◆ ACTIVITY ◆
Output the listing verbatim, leaving out every picture.

◆ GIVEN DATA ◆
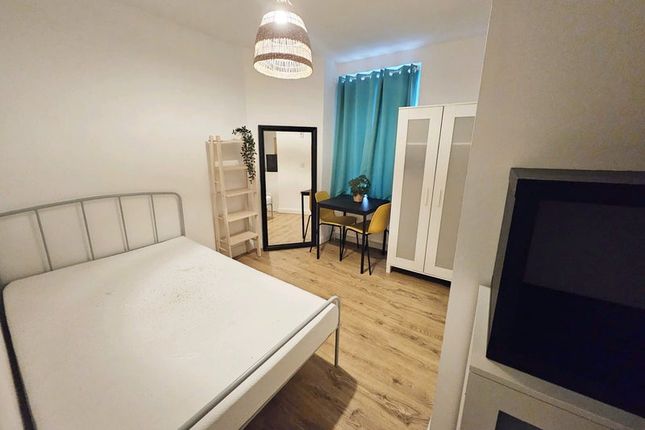 Room to rent in White Church Lane, London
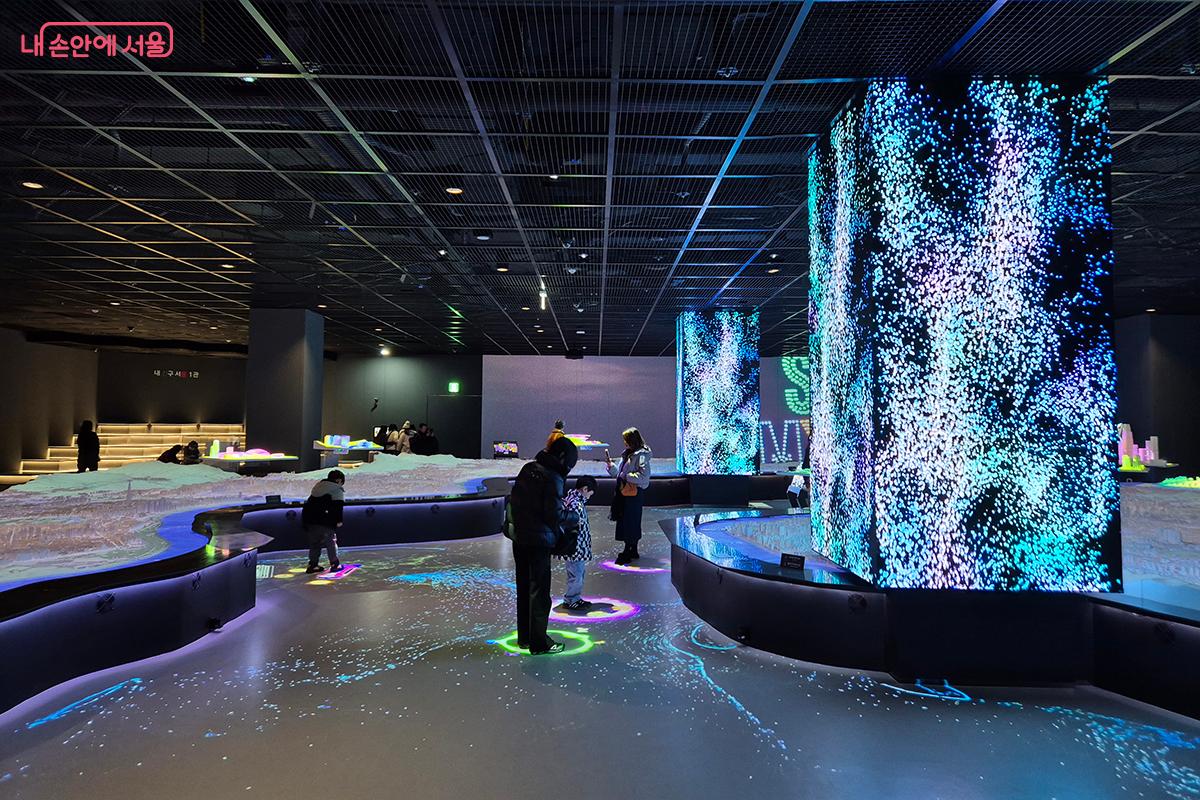 서울의 과거와 현재 그리고 미래를 첨단 미디어 기술로 구현해 낸 &lsquo;내친구서울 1관&rsquo; &copy;이혜숙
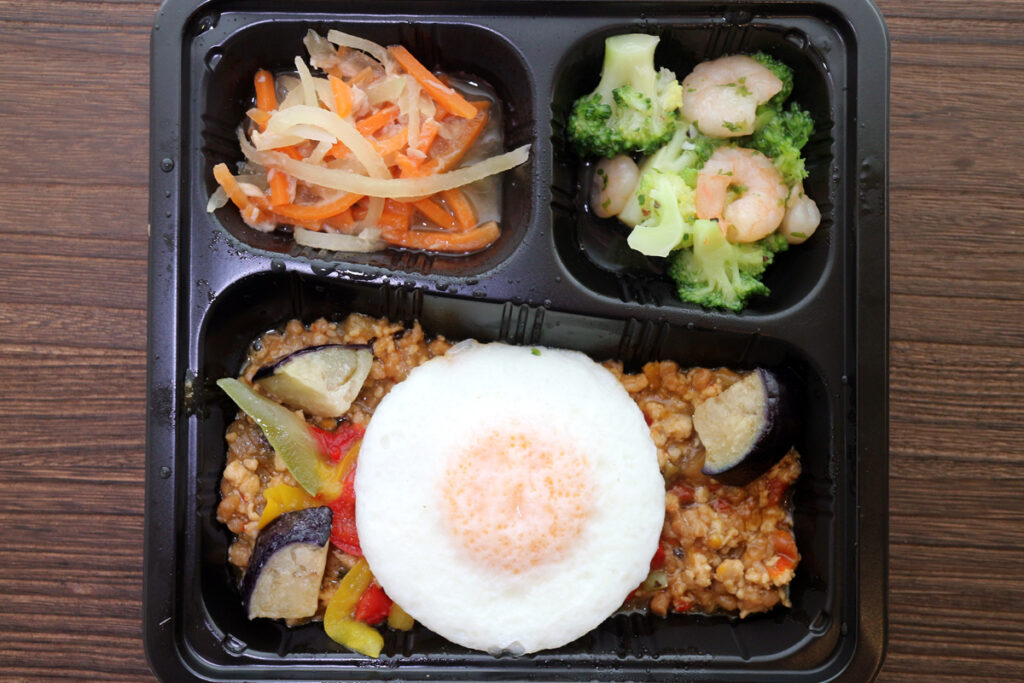 食のそよ風_kanau_とろーりたまごのガパオ風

◆ OUTPUT OF THE TASK ◆
 Room to rent in White Church Lane, London
 서울의 과거와 현재 그리고 미래를 첨단 미디어 기술로 구현해 낸 &lsquo;내친구서울 1관&rsquo; &copy;이혜숙
 食のそよ風_kanau_とろーりたまごのガパオ風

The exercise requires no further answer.